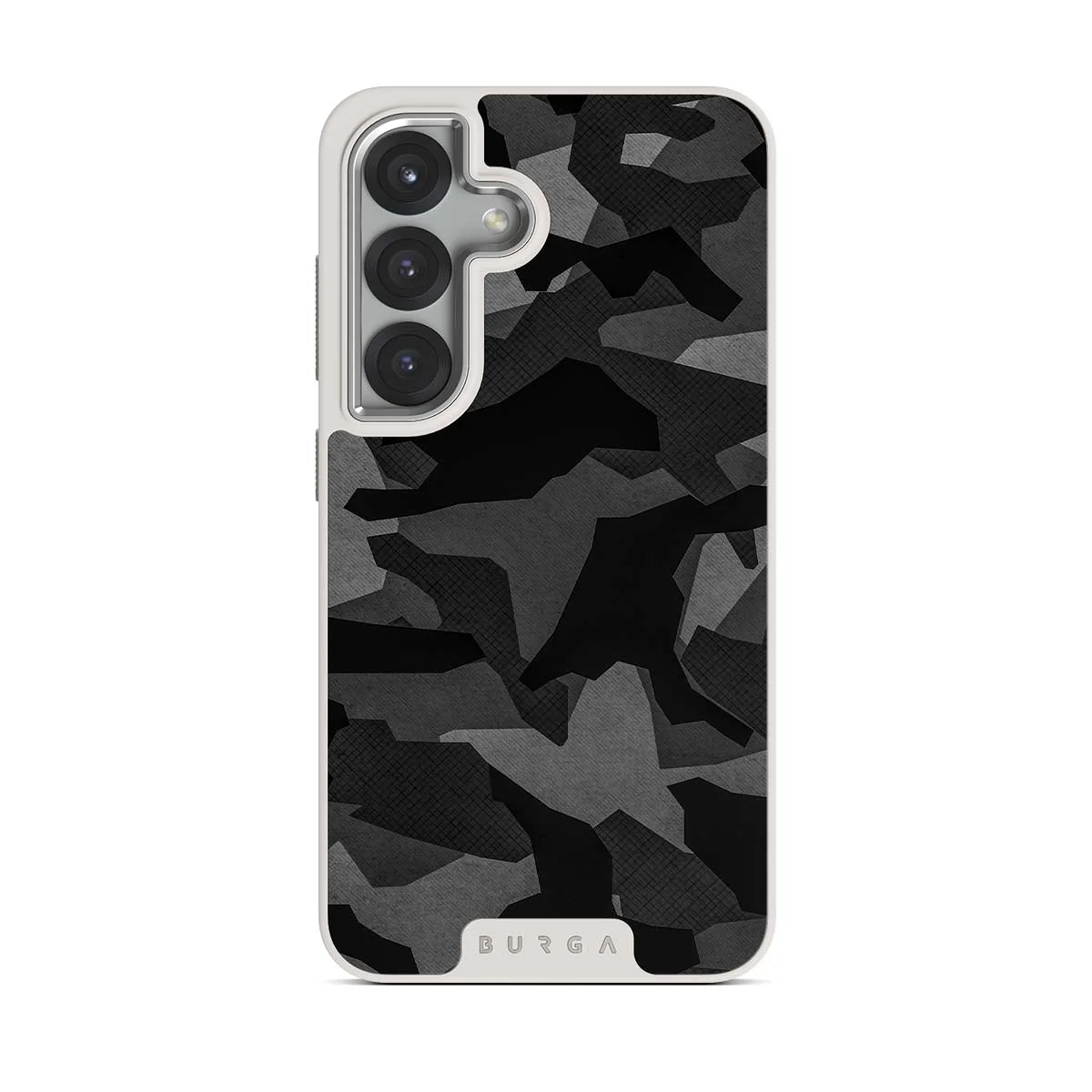 Night Black Camouflage - Samsung Galaxy S25 Plus ケース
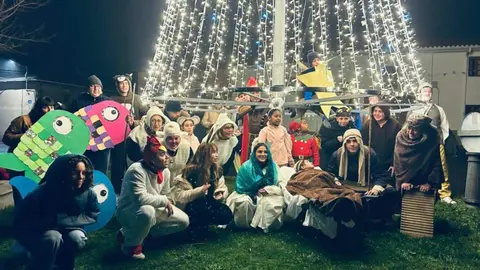 Belen viviente Otero de Bodas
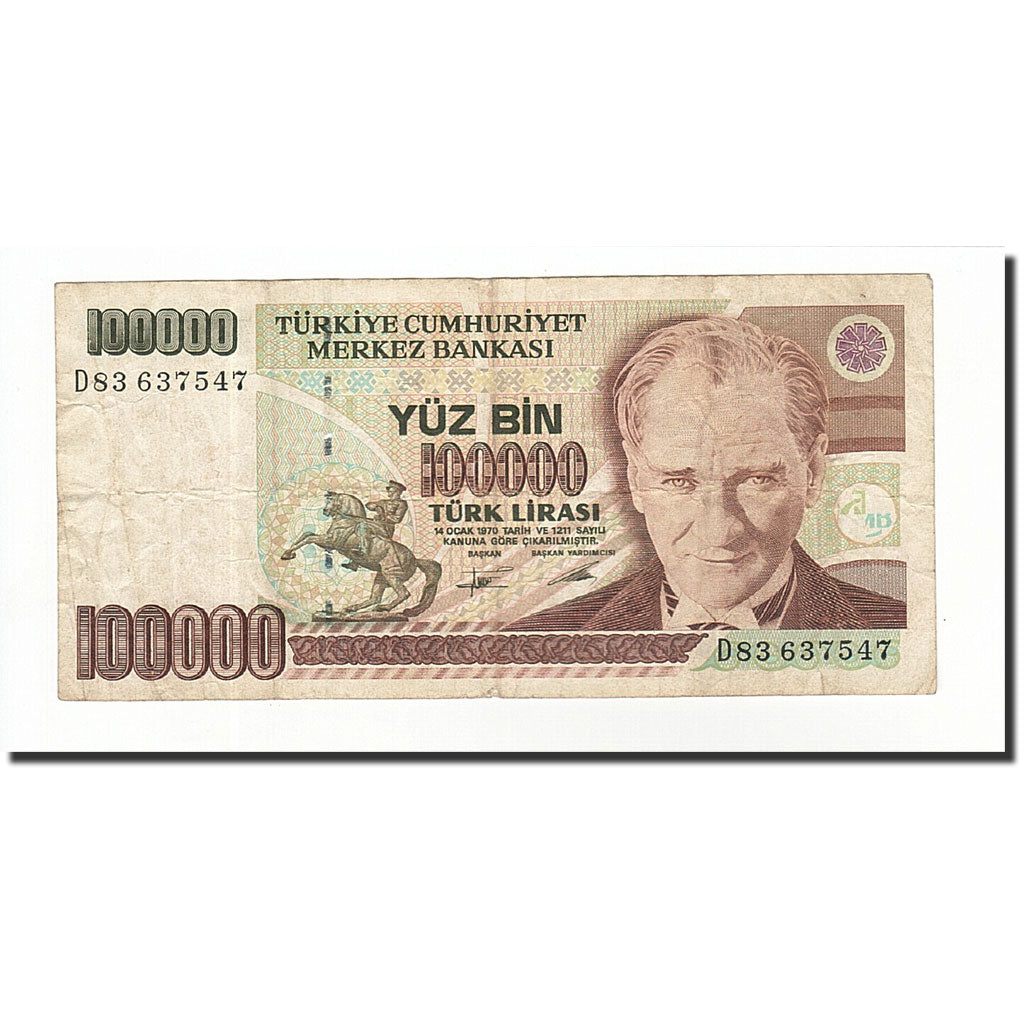 Banconote, Turchia, 100,000 Lira, 1991, KM:205, SPL-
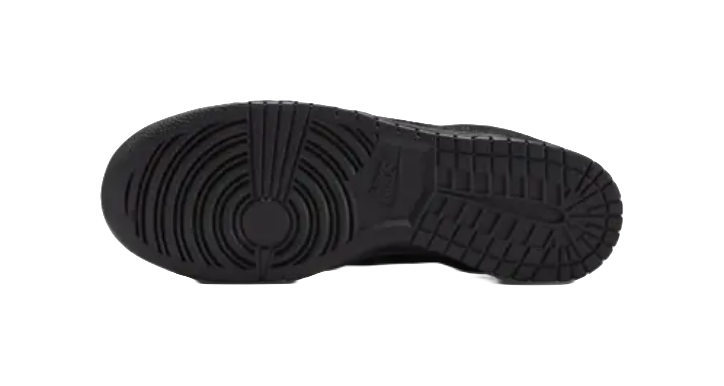 Nike Dunk Abrasion Resistant Low top Skateboard Shoes Unisex Black  vjsneaker.com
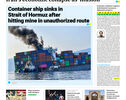 Front pages of Iran's English dailies on October 15
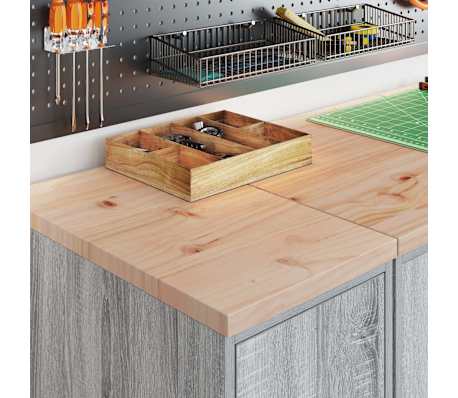vidaXL Armoire de rangement de garage sonoma gris 30x51x85 cm bois pin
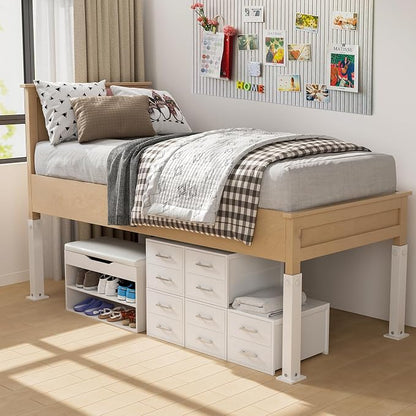 BOLUO Stackable Storage Drawers Closet Organizers and Storage Fabric White 2 - Image 7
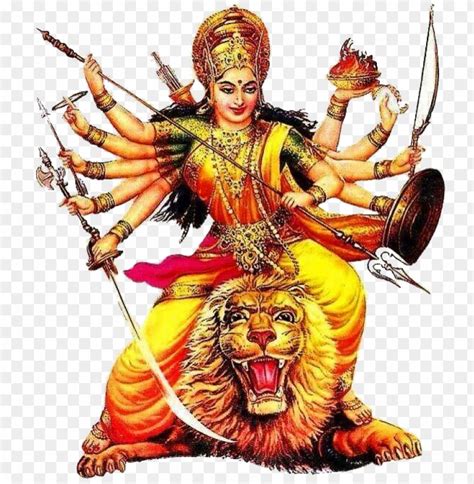 Lord Durga Png Image With No Background Image Id 36771 Toppng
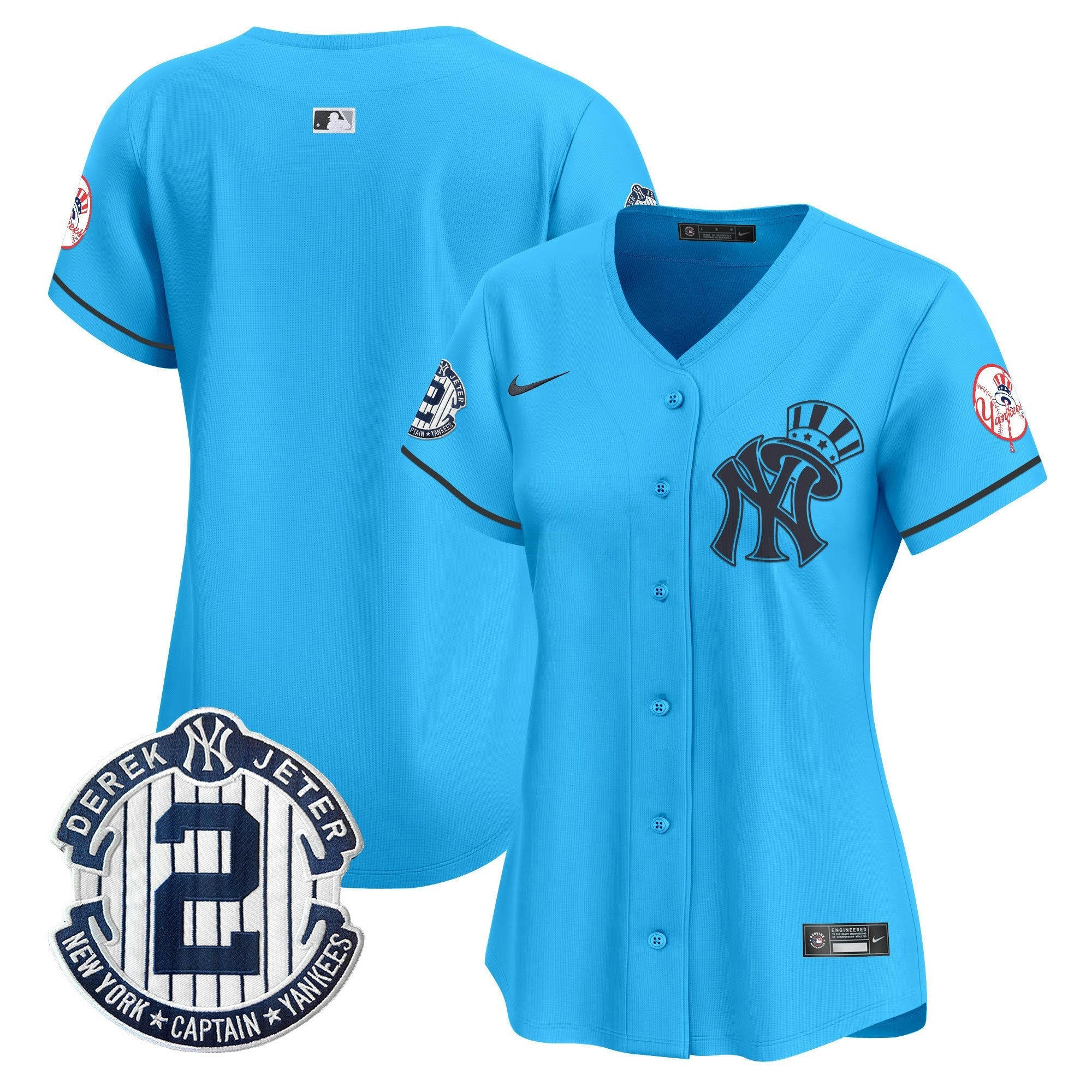Camisa MLB Women’s New York Derek Jeter Patch Vapor Premier Limited Jersey V2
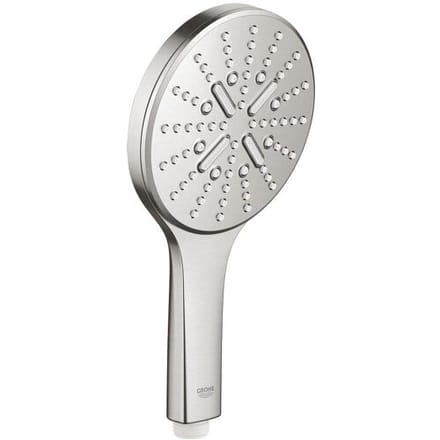 GROHE Rainshower SmartActive 130 Handdouche - 13 cm - 3 straalsoorten - supersteel - 26574DC0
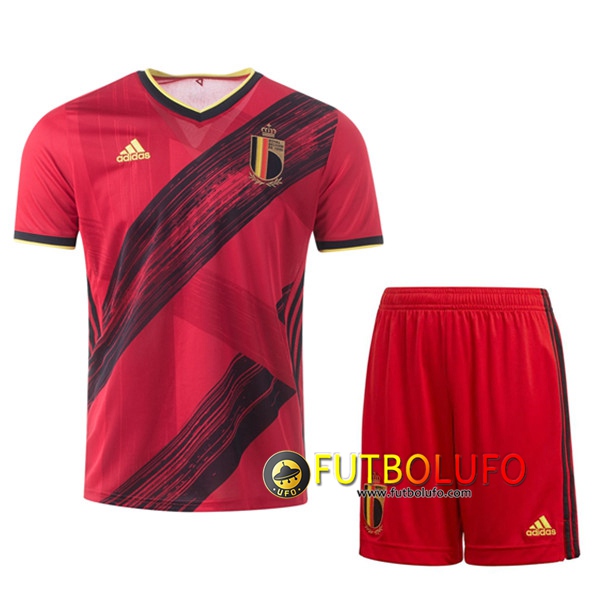 Traje Camisetas Futbol Belgica Primera + Cortos UEFA Euro 2020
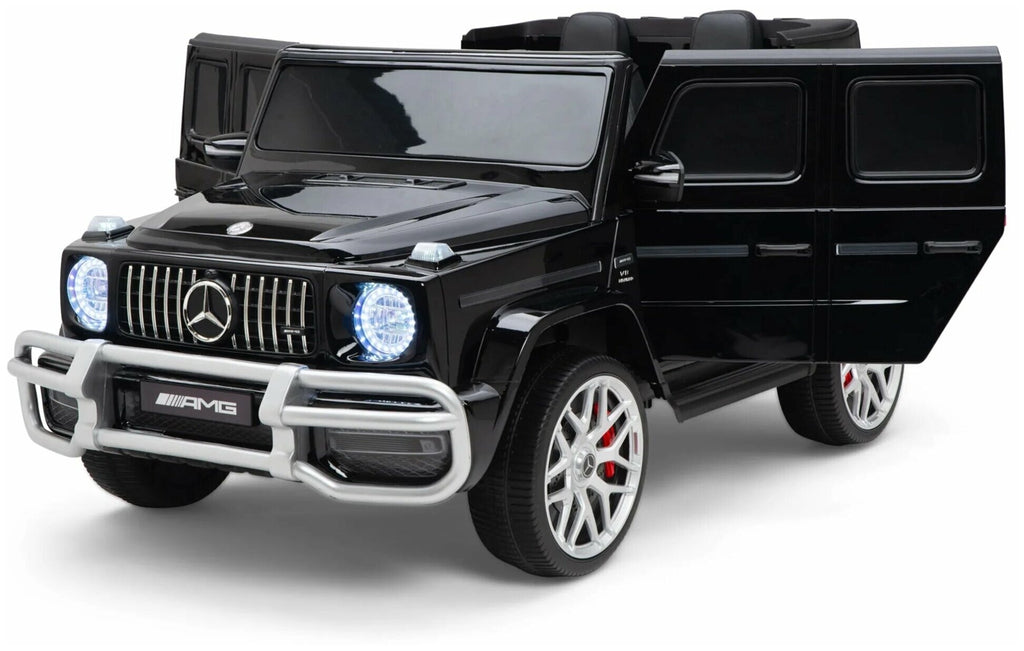 2 persoons Mercedes G63 AMG, 24v en 4x4 kinder accu voertuig!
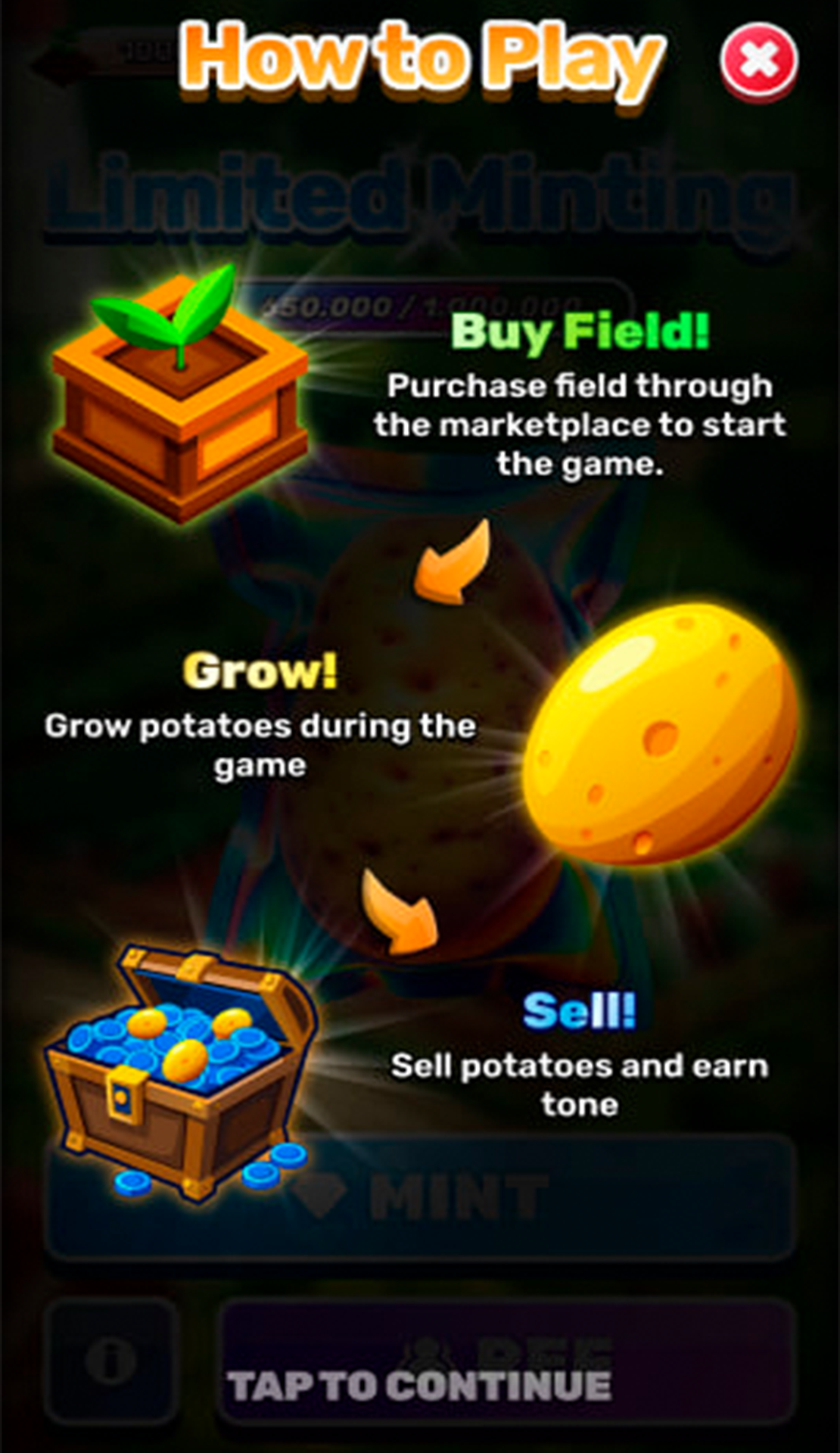 TonPotato - Potatoes, Field, Tone - how is it related? Come in and find out  | TON App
* * *
> [Work instructions] Beginning with the first line of the records and ending with the line that contains "Front pages of", reproduce every line exactly, omitting pictures and adding nothing.

> [Your solution]
 Night Black Camouflage - Samsung Galaxy S25 Plus ケース
 Belen viviente Otero de Bodas
 Banconote, Turchia, 100,000 Lira, 1991, KM:205, SPL-
 Nike Dunk Abrasion Resistant Low top Skateboard Shoes Unisex Black  vjsneaker.com
 Front pages of Iran's English dailies on October 15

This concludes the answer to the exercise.